Project Overview
The CVE Forecast project is an automated system designed to predict the number of Common Vulnerabilities and Exposures (CVEs) for the upcoming months. By leveraging a suite of time series forecasting models, the project provides insights into future trends in vulnerability disclosures.
Model Evaluation
Models are evaluated using multiple metrics to ensure reliable forecasts:
- MAPE (Mean Absolute Percentage Error): Primary metric for model selection
- MASE (Mean Absolute Scaled Error): Scale-independent measure of forecast accuracy
- RMSSE (Root Mean Squared Scaled Error): Good for comparing across different time series
- MAE (Mean Absolute Error): Easy to interpret in the original units
System Architecture
The project is built with a modular architecture, separating concerns into distinct Python modules. This design enhances maintainability, scalability, and testability.
Core Modules
- main.py: The main entry point that orchestrates the entire forecasting workflow.

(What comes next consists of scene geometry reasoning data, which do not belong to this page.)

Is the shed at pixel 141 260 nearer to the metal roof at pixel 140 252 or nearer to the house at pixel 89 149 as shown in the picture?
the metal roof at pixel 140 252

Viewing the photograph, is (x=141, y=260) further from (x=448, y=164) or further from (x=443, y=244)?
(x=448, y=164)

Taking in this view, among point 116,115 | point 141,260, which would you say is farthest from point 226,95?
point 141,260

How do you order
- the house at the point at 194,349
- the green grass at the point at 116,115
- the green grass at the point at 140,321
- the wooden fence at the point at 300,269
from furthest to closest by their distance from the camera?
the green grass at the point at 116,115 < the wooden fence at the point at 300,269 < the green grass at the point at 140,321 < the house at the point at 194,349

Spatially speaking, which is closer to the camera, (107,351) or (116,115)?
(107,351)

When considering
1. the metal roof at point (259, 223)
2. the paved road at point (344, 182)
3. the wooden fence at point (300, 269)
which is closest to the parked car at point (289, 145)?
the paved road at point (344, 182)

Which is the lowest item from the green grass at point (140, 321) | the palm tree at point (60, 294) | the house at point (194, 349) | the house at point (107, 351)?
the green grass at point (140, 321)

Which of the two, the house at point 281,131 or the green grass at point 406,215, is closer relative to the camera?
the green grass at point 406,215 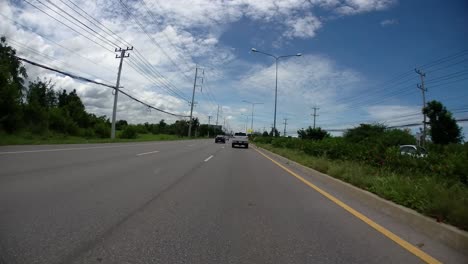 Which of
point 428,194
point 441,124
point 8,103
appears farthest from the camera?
point 441,124

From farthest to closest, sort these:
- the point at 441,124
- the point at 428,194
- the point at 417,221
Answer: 1. the point at 441,124
2. the point at 428,194
3. the point at 417,221

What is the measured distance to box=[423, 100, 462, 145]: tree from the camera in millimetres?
42631

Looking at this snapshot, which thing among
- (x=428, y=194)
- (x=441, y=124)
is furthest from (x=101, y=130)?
(x=428, y=194)

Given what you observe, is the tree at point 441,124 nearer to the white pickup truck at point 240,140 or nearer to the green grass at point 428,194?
the white pickup truck at point 240,140

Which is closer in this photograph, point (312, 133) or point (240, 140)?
point (240, 140)

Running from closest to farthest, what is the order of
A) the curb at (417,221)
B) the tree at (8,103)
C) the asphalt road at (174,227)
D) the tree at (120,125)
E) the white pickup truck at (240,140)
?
1. the asphalt road at (174,227)
2. the curb at (417,221)
3. the tree at (8,103)
4. the white pickup truck at (240,140)
5. the tree at (120,125)

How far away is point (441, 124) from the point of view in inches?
1698

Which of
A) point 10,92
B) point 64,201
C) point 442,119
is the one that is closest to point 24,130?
point 10,92

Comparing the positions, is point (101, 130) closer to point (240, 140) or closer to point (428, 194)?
point (240, 140)

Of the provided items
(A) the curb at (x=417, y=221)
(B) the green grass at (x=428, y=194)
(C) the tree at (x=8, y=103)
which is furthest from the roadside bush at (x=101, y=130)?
(A) the curb at (x=417, y=221)

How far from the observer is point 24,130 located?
36.1 metres

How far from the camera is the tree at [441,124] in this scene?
42631mm

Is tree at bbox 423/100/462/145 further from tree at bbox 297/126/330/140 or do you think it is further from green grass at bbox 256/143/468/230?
green grass at bbox 256/143/468/230

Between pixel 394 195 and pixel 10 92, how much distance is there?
36.7 meters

- config.py: Centralized configuration for models, parameters, and constants.
- data_processor.py: Handles the parsing and processing of raw CVE data.
- analysis.py: Contains the core logic for model training, evaluation, and forecasting.

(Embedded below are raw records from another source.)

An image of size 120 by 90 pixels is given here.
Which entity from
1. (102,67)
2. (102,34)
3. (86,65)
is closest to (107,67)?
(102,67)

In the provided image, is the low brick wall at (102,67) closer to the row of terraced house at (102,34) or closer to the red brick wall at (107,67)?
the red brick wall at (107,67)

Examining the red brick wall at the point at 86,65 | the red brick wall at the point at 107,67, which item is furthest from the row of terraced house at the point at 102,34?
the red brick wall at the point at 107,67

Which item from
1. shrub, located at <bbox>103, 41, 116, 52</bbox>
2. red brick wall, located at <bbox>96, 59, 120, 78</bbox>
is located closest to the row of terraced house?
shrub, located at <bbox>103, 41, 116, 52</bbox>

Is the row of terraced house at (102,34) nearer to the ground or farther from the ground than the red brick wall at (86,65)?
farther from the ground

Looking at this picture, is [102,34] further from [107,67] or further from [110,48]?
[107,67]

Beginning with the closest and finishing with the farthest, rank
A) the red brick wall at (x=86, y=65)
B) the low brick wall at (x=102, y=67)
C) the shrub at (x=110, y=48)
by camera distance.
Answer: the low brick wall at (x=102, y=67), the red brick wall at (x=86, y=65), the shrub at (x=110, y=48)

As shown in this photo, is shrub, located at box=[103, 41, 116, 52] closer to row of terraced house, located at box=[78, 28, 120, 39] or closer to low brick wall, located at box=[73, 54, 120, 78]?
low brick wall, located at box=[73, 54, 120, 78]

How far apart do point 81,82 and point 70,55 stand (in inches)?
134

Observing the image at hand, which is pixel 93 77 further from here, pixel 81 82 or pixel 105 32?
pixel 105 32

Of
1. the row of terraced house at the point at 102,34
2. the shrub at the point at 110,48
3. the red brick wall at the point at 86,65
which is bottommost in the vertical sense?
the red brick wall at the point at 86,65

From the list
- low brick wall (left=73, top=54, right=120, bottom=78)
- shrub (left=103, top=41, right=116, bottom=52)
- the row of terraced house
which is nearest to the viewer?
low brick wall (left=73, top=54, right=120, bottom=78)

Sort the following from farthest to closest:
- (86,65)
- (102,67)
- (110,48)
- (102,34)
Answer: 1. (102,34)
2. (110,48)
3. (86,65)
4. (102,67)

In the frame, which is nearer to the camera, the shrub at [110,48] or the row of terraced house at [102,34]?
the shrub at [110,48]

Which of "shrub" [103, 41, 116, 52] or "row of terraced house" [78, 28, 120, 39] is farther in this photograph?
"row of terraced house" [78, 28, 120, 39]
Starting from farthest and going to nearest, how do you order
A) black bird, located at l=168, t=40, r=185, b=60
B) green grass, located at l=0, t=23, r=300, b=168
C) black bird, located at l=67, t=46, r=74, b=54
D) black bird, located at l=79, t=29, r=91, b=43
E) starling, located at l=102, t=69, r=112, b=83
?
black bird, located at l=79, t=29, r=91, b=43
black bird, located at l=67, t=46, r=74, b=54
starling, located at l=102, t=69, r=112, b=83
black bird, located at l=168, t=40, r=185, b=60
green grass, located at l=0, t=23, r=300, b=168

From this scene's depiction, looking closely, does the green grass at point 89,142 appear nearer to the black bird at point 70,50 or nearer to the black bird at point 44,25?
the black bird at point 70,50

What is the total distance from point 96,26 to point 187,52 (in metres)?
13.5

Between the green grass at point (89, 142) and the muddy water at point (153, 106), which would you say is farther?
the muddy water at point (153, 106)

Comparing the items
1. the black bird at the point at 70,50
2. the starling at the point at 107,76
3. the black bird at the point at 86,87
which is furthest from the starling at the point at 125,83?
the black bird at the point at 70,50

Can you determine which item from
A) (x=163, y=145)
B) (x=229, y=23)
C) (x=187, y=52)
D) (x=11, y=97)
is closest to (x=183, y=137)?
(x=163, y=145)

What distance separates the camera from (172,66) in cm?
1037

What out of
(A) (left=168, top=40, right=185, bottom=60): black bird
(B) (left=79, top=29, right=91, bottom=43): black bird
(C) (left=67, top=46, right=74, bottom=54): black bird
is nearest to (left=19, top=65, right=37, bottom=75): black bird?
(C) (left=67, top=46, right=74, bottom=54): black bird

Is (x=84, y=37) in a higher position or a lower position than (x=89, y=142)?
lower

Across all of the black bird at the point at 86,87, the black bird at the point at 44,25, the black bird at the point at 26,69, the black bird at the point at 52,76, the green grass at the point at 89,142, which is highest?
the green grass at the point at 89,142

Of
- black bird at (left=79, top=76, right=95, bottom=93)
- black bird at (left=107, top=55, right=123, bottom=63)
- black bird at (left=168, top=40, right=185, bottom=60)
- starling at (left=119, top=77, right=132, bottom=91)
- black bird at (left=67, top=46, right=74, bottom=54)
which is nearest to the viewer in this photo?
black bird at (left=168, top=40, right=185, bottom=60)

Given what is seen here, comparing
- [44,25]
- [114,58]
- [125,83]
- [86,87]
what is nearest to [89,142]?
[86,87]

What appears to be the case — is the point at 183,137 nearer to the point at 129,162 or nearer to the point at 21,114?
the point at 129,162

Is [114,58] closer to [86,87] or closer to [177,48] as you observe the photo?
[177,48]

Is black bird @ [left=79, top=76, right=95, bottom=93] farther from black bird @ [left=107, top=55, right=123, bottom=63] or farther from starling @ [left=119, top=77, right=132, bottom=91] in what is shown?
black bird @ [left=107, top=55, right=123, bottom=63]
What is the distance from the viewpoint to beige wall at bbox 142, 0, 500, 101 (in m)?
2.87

- file_io.py: Manages all file input/output operations, including the generation of the final `data.json`.
- utils.py: Provides utility functions, such as logging setup.
Data Processing Pipeline
The data processing pipeline is designed to be efficient and robust, handling large volumes of CVE data.

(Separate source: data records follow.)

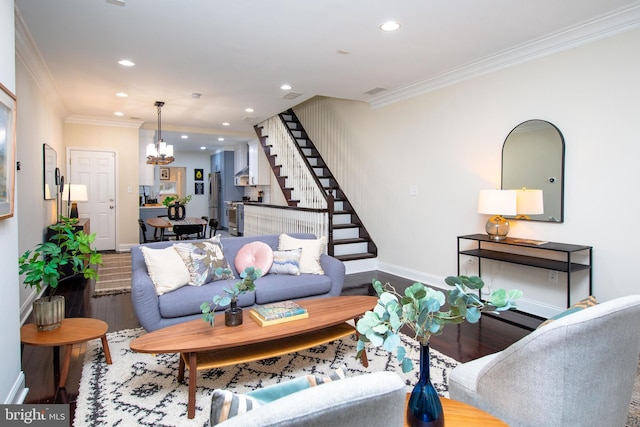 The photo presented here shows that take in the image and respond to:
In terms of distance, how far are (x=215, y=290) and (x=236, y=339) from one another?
1.02 metres

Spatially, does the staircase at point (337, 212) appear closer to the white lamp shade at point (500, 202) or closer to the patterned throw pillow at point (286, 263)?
the patterned throw pillow at point (286, 263)

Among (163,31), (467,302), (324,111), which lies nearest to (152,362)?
(467,302)

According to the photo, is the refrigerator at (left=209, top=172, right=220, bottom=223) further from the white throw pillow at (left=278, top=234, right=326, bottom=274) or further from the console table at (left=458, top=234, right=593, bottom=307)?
the console table at (left=458, top=234, right=593, bottom=307)

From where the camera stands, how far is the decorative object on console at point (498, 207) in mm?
3539

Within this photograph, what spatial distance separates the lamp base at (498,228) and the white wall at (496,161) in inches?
8.0

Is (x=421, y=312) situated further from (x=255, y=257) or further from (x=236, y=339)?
(x=255, y=257)

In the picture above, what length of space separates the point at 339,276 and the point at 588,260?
7.53 ft

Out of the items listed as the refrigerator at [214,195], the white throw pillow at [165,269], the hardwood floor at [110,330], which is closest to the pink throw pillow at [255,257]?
the white throw pillow at [165,269]

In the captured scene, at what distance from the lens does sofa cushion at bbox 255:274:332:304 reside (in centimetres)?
326

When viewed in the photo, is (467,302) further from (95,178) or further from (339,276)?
(95,178)

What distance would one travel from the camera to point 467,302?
1135mm

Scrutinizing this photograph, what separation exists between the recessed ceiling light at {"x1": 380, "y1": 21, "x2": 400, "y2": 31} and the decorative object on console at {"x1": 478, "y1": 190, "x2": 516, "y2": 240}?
5.93 ft

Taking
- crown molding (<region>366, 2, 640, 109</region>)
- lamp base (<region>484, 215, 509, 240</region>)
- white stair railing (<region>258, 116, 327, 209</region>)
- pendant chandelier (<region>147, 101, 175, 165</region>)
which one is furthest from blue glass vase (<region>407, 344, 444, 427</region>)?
pendant chandelier (<region>147, 101, 175, 165</region>)

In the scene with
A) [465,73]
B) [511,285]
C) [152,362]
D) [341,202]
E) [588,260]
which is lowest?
[152,362] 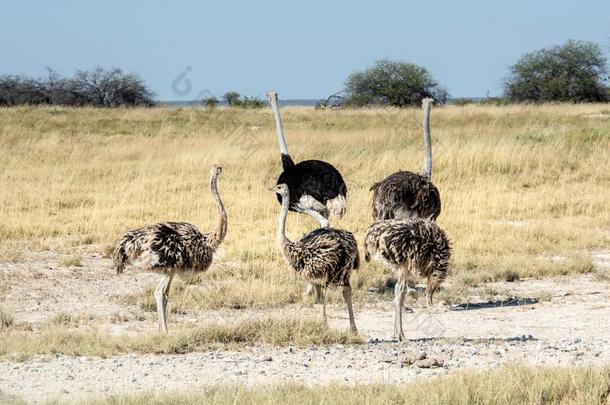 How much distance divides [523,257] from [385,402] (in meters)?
5.95

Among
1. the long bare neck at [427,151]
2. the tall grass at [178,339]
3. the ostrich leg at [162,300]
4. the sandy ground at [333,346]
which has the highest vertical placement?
the long bare neck at [427,151]

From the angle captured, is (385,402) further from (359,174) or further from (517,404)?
(359,174)

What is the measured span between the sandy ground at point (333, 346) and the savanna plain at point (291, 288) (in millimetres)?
24

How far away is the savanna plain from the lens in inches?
249

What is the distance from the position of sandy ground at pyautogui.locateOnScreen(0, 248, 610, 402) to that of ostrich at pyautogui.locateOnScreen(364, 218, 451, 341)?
1.37 ft

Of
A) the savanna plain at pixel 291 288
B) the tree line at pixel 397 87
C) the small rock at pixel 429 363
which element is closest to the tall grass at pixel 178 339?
the savanna plain at pixel 291 288

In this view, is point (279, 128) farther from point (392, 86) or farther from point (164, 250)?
point (392, 86)

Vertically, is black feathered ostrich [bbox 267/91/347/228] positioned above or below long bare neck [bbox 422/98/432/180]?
Result: below

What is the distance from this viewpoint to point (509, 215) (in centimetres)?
1395

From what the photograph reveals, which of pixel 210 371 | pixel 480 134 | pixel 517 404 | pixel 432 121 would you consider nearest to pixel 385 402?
pixel 517 404

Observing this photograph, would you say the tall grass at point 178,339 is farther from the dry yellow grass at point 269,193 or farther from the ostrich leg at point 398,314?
the dry yellow grass at point 269,193

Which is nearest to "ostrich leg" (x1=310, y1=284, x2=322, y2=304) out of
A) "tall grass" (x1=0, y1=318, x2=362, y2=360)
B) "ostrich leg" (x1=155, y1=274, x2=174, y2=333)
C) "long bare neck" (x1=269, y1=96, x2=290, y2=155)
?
"tall grass" (x1=0, y1=318, x2=362, y2=360)

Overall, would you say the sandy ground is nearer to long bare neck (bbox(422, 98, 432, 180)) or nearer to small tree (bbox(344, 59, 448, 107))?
long bare neck (bbox(422, 98, 432, 180))

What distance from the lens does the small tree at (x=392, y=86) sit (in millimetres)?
Result: 49656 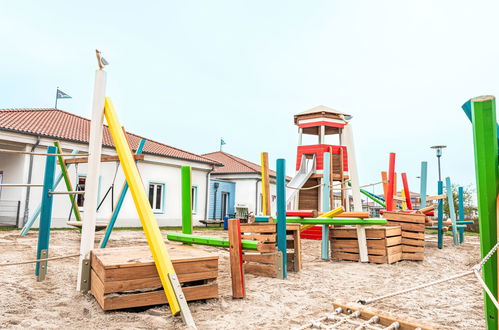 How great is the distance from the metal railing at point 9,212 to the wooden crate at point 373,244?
36.2 feet

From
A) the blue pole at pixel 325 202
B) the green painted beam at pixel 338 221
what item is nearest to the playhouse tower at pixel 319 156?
the blue pole at pixel 325 202

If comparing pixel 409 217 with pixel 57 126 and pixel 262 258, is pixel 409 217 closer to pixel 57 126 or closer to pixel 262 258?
pixel 262 258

- Data Ingestion: The system clones the official cvelistV5 repository from GitHub, which contains all CVE data in JSON format.
- Data Parsing: Each JSON file is parsed to extract the `publishedDate`. The system is designed to handle malformed JSON files gracefully.
- Time Series Aggregation: The extracted publication dates are aggregated into a monthly time series, counting the number of CVEs published each month.
- Data Validation: The time series data is validated to ensure completeness and correctness before being passed to the forecasting models.
Forecasting Models
The project employs a diverse set of over 25 time series forecasting models from the Darts library. This allows for a comprehensive analysis and the selection of the best-performing model for the given data.
Model Categories
Note: Models are automatically selected based on performance and stability. Deep learning models are available but disabled by default for CPU environments.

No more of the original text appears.